## Work item
An exact copy of every entry is needed, with the images left out.

Input records section start

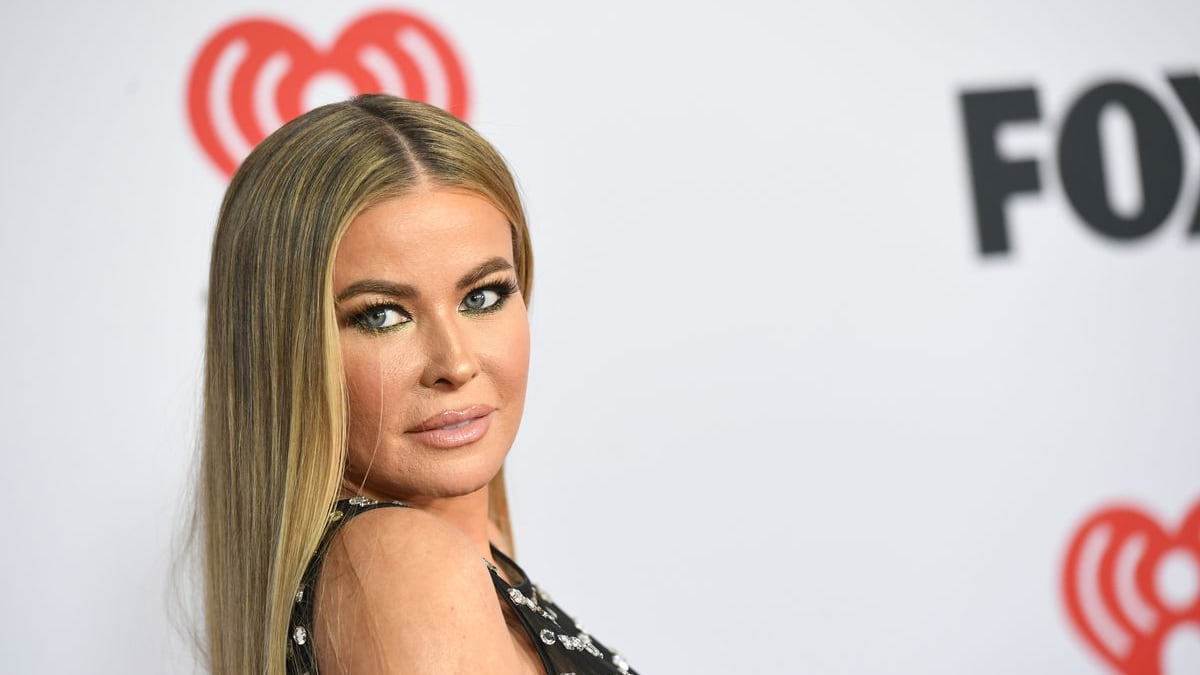 Carmen Electra se concentra en OnlyFans y sus redes sociales.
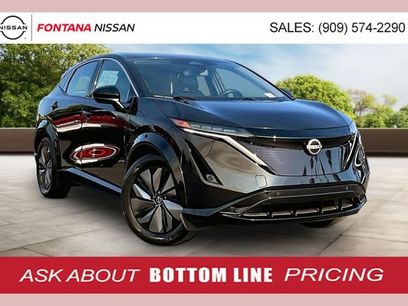 Certified 2024 Nissan Ariya FWD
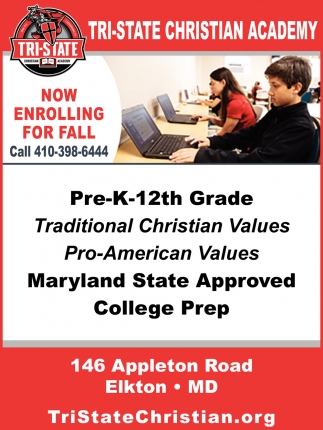Now Enrolling For Fall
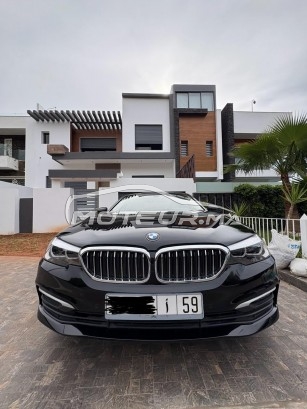 بي ام دبليو سيريي 5 520d مستعملة 2577509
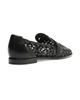 Alexandre Birman Women's Jane Tresse Woven Leather Loafers - 5
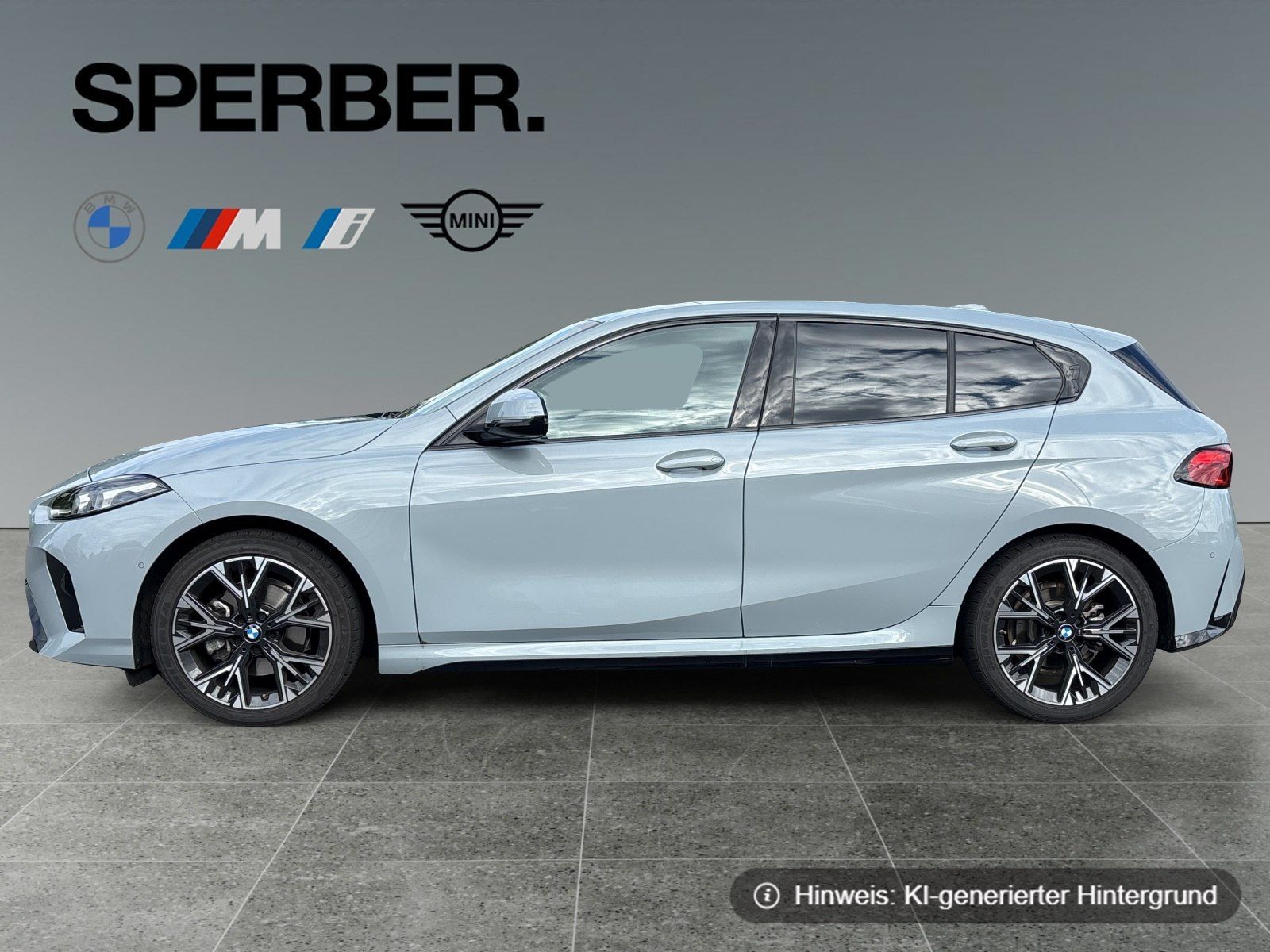 BMW 120 - Bild 2
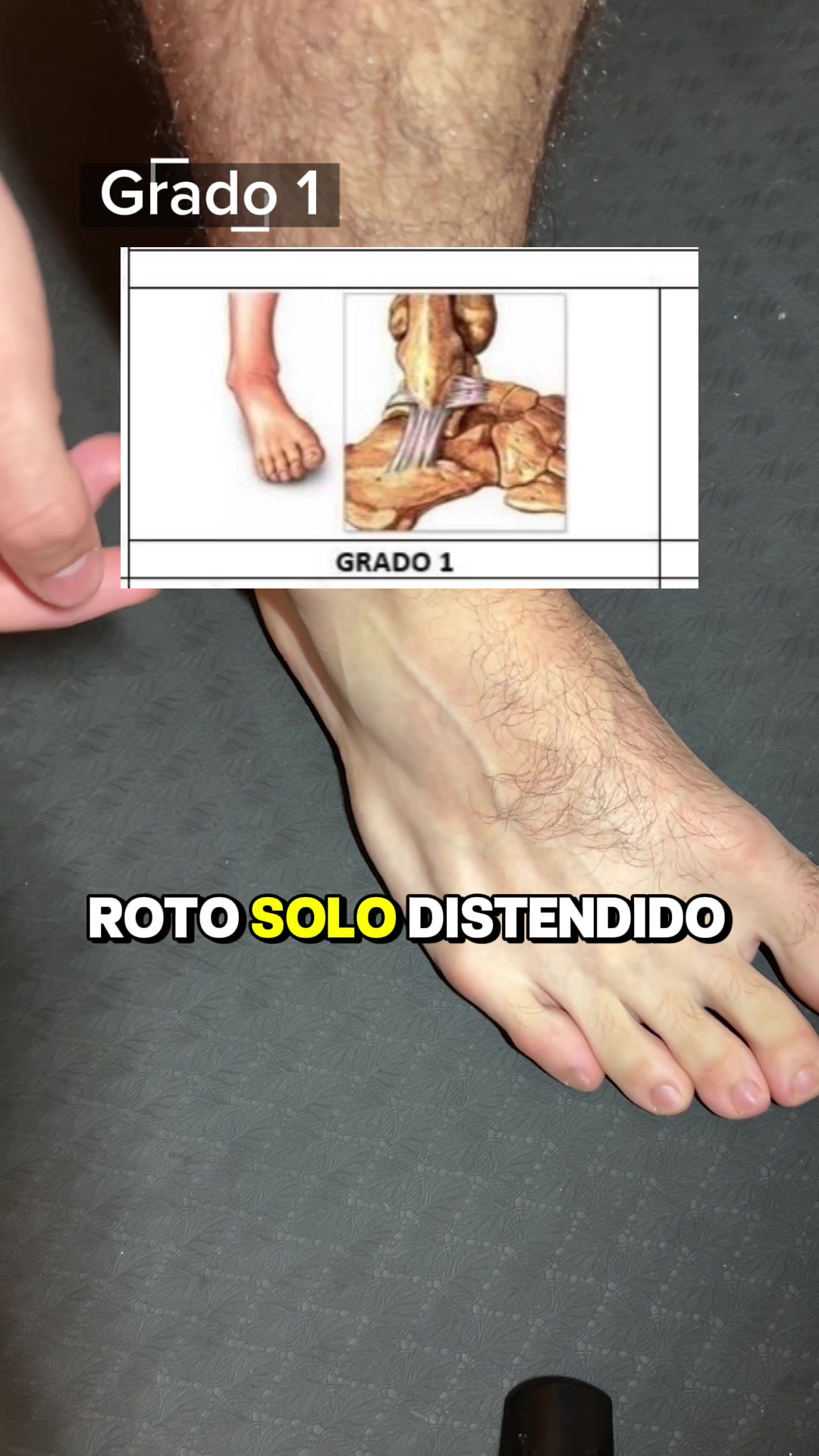 @Podolog&iacute;a y salud | Daniel🦶🏼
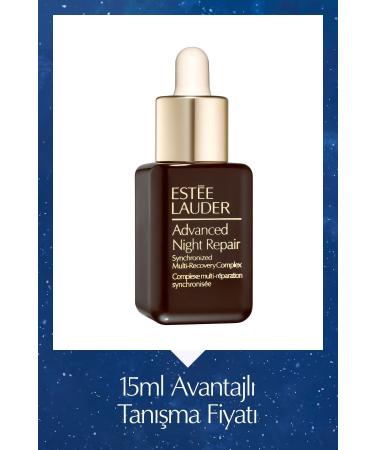 Estee Lauder Advanced Night Repair Anti-Aging and Wrinkle Repairing Night Serum 15ML GKProduct563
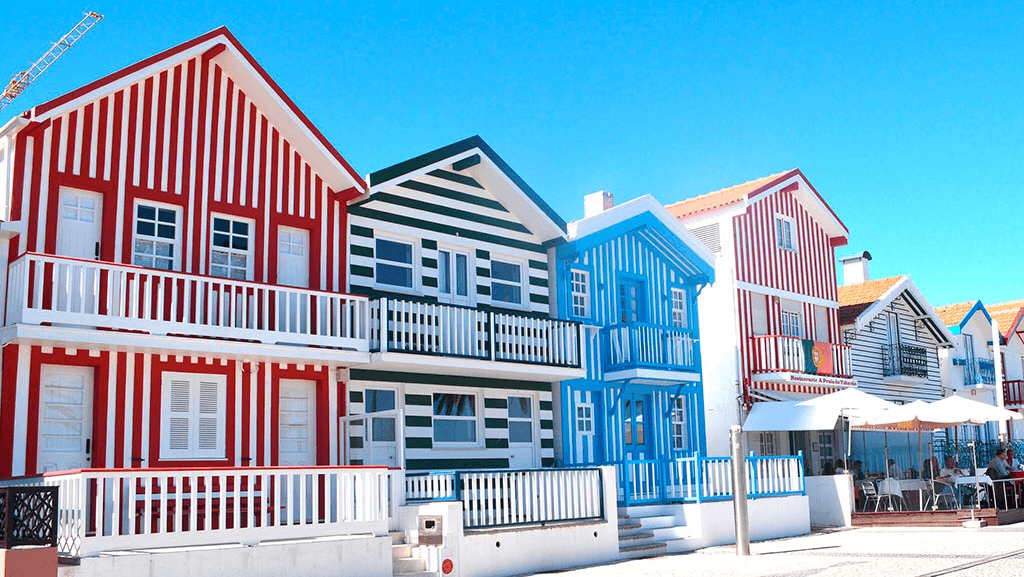 Traditional Portuguese Lunch
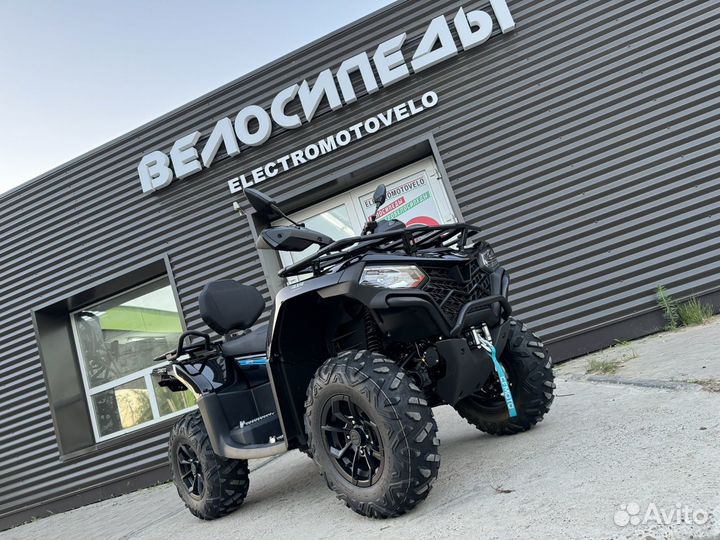 Квадроцикл CF moto 450L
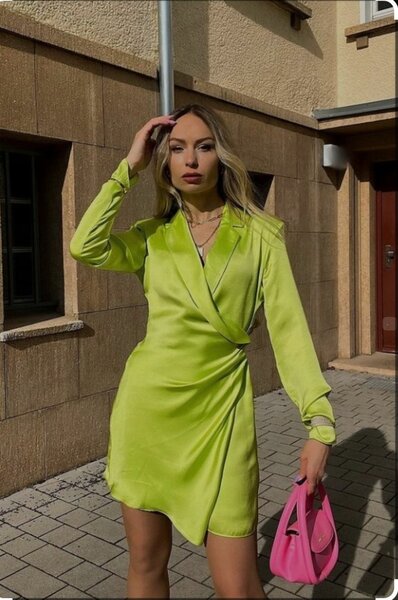 Élégante veste blanche femme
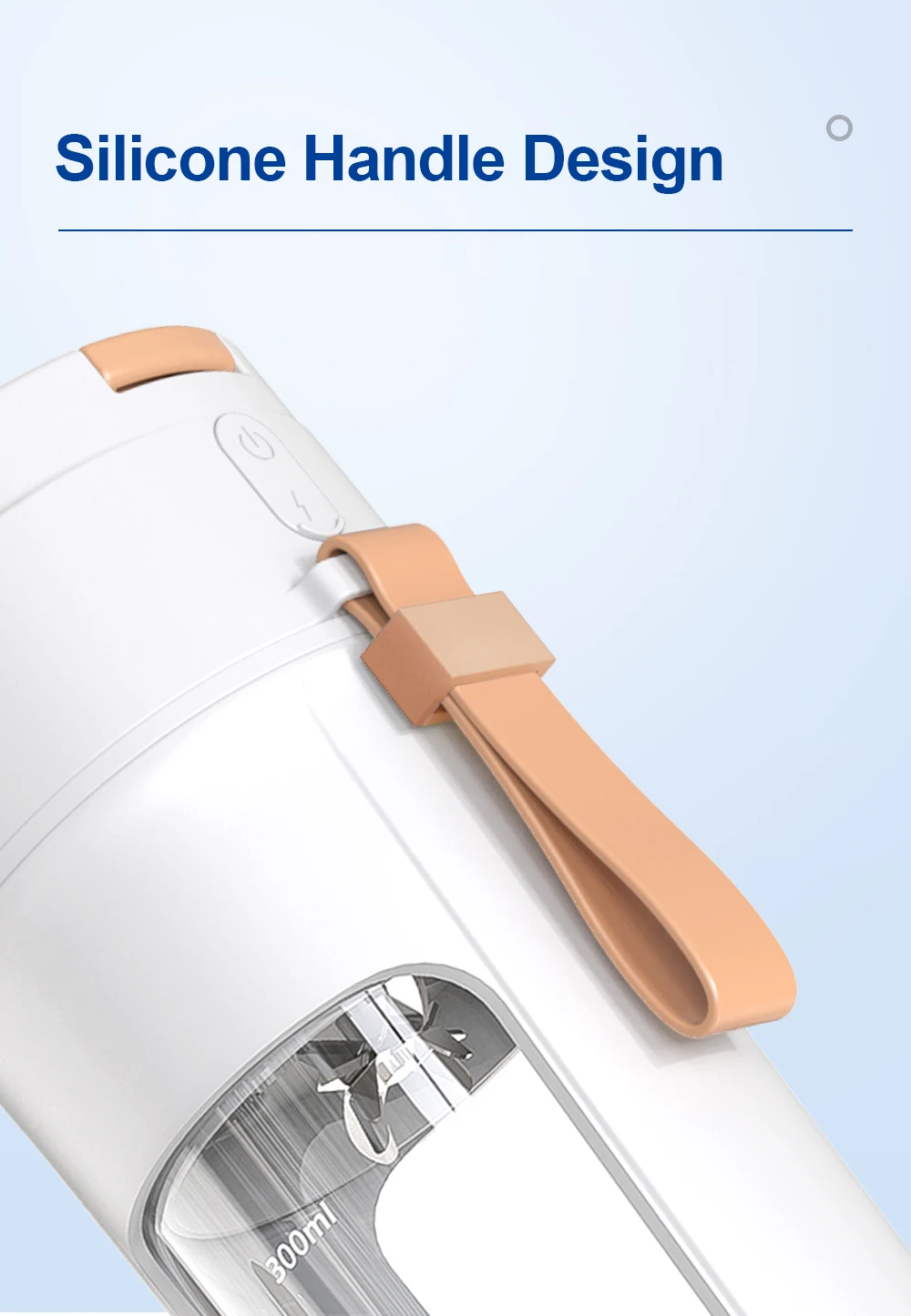 factory direct New Electric Fruit Personal Mini Usb Juicer Portable Blender mixer juicer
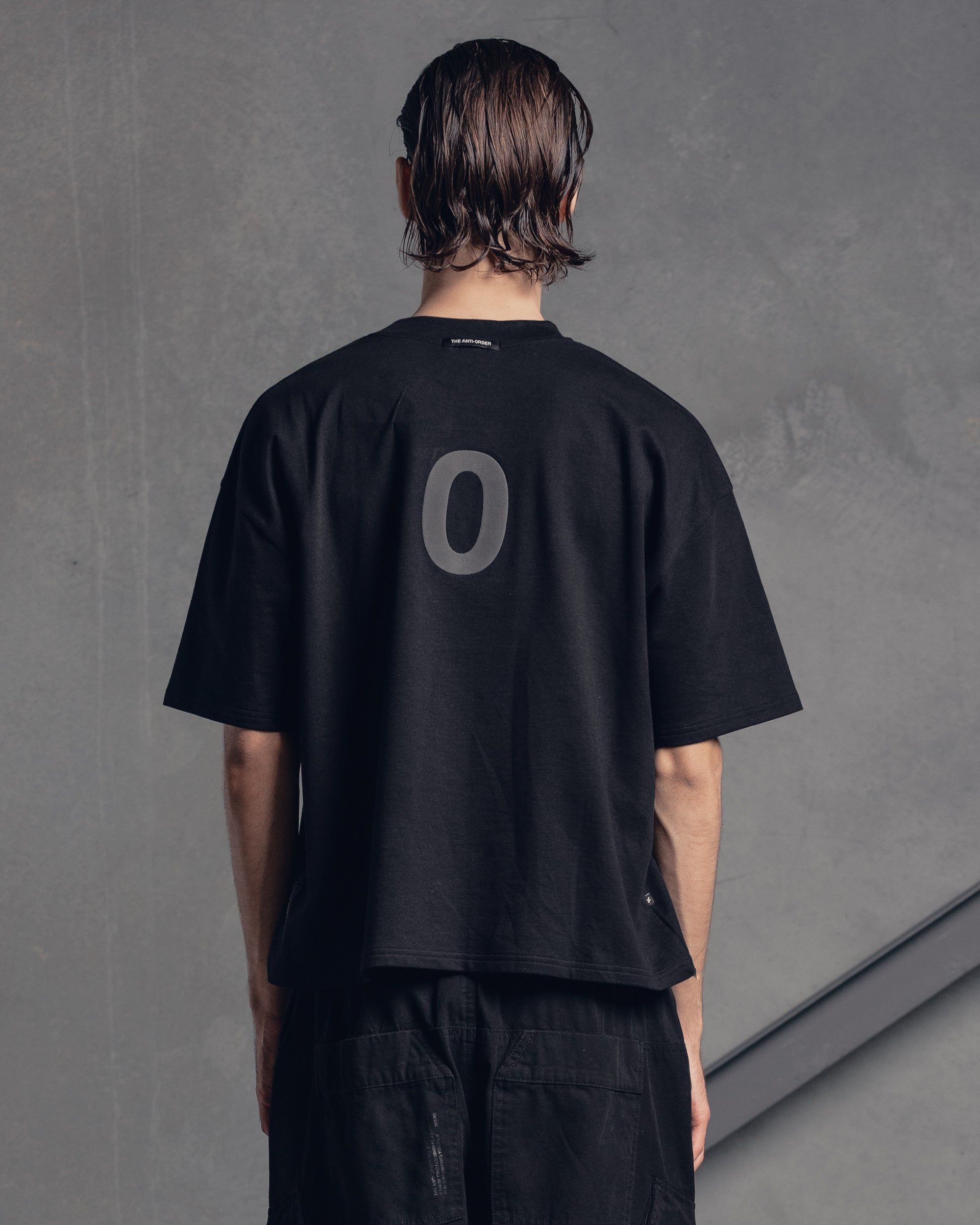 The Anti Order Ant-Werp Ops T-Shirt Black sold by Culture Kings product image thumbnail 2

Input records section end

## Reply to the exercise
 Carmen Electra se concentra en OnlyFans y sus redes sociales.
 Certified 2024 Nissan Ariya FWD
Now Enrolling For Fall
 بي ام دبليو سيريي 5 520d مستعملة 2577509
 Alexandre Birman Women's Jane Tresse Woven Leather Loafers - 5
 BMW 120 - Bild 2
 @Podolog&iacute;a y salud | Daniel🦶🏼
 Estee Lauder Advanced Night Repair Anti-Aging and Wrinkle Repairing Night Serum 15ML GKProduct563
 Traditional Portuguese Lunch
 Квадроцикл CF moto 450L
 Élégante veste blanche femme
 factory direct New Electric Fruit Personal Mini Usb Juicer Portable Blender mixer juicer
 The Anti Order Ant-Werp Ops T-Shirt Black sold by Culture Kings product image thumbnail 2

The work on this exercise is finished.